At the local level, food safety specialists may inspect restaurants and other establishments that serve food, or work for private companies. At the national level, the U.S. Food Safety and Inspection Service is responsible for inspecting meat, poultry and egg processors to ensure safety, including examining animals before and after slaughter.

According to the U.S. Department of Labor, the median salary for jobs in food safety was $42,680 in 2013.

Rather than spending all day in an office, safety and quality managers often visit food processing venues, including loud, chilly factory-style environments. They may also come in close contact with animal byproducts. Depending on the job, some travel may be involved.

According to education-portal.com, educational requirements for food safety and quality managers can range from a high school diploma to a master's degree. However, many employers prefer prospective managers to have a bachelor's degree in food science or a similar field. Food science programs explore food technology and packaging and the correlation between food, health and the environment.

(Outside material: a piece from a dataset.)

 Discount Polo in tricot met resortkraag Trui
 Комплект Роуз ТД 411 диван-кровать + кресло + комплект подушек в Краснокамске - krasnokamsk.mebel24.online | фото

Those earning master's degrees in food science take specialized courses in food chemistry, food microbiology and food processing.

Education Portal also notes that many employers expect applicants to have 2-5 years of experience in food safety or manufacturing, which can start with internships during college.

A big aspect of the job is making sure employees follow specific national regulations and guidelines issued by agencies such as the U.S. Food and Drug Administration. The FDA also oversees HAACP, an internationally recognized preventative protocol for analysis and control of hazards in food production from raw material production through procurement and handling "to manufacturing, distribution and consumption of the finished product," according to the FDA website.

Various organizations and university extension programs offer HAACP certification. Students must pass an exam post-training.